Home Observatory: Background

After 11 years of visual astronomy, traveling to darker skies and hoping for good weather were yielding too few actual nights under the stars. It was time to build a home observatory: The Robservatory was born.

By far, the biggest challenge for amateur and professional astronomers worldwide is the rapid and relentless disappearance of dark skies as a result of light pollution. To counter this effect, the imaging of certain objects which transmit light at special frequencies (typically emission nebula, planetery nebula, and some galaxies) can be done through narrowband filters, which transmit light only at these very specific, narrow wavelengths, while blocking broaderband light from sources such as streetlights, house lights, and even the moon.

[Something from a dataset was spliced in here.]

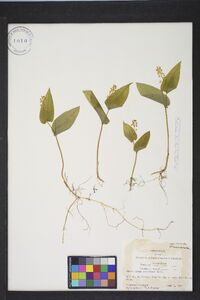 Maianthemum canadense image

All images on this site have been captured at The Robservatory, located 12 miles west of Manhattan, under some of the worst light pollution on the planet.

Tuesday, August 7, 2012

Pelican and North American Nebula Mosaic

The last three months have been spent learning how to use PixInsight, a powerful new image processing platform.  One of its features is the capacity to stitch together individual images into a mosaic.  Normally, a given image only accesses a relatively narrow cross section of the night sky, the dimensions of which are determined by the size of the camera's ccd chip and the optical characteristics of the telescope to which the camera is attached.  (The equipment in the Robservatory captures a slice of sky roughly the size of the full moon.)  The mosaic capability removes this constraint.  The image presented here is a two frame mosaic.  Each frame consists of about nine hours of exposure, three hours each shot through Ha, OIII,and SII filters.  These two composite frames were stitched together so well by the program, that the "seam" between them, which runs vertically down the image's midline, is virtually invisible. While the mosaic feature is not unique to PixInsight, it is one of many features of this new and exciting program that has given imagers more sophisticated processing tools specially designed for astrophotography.

(Click Image to Enlarge, X upper right to close:)


Image information:
This emission nebula on the left is famous partly because it resembles Earth's continent of North America. To the right of the North America Nebula, cataloged as NGC 7000, is a less luminous nebula that resembles a pelican, and is thus dubbed the Pelican Nebula. The two emission nebula measure about 50 light-years across, are located about 1,500 light-years away, and are separated by a dark absorption cloud. This  image captures the nebulas, bright ionization fronts, and fine details of the dark dust. The nebulae can be seen with binoculars from a dark location. Look for a small nebular patch north-east of bright star Deneb in the constellation of Cygnus. It is still unknown which star or stars ionize the red-glowing hydrogen gas. (Source: NASA APOD).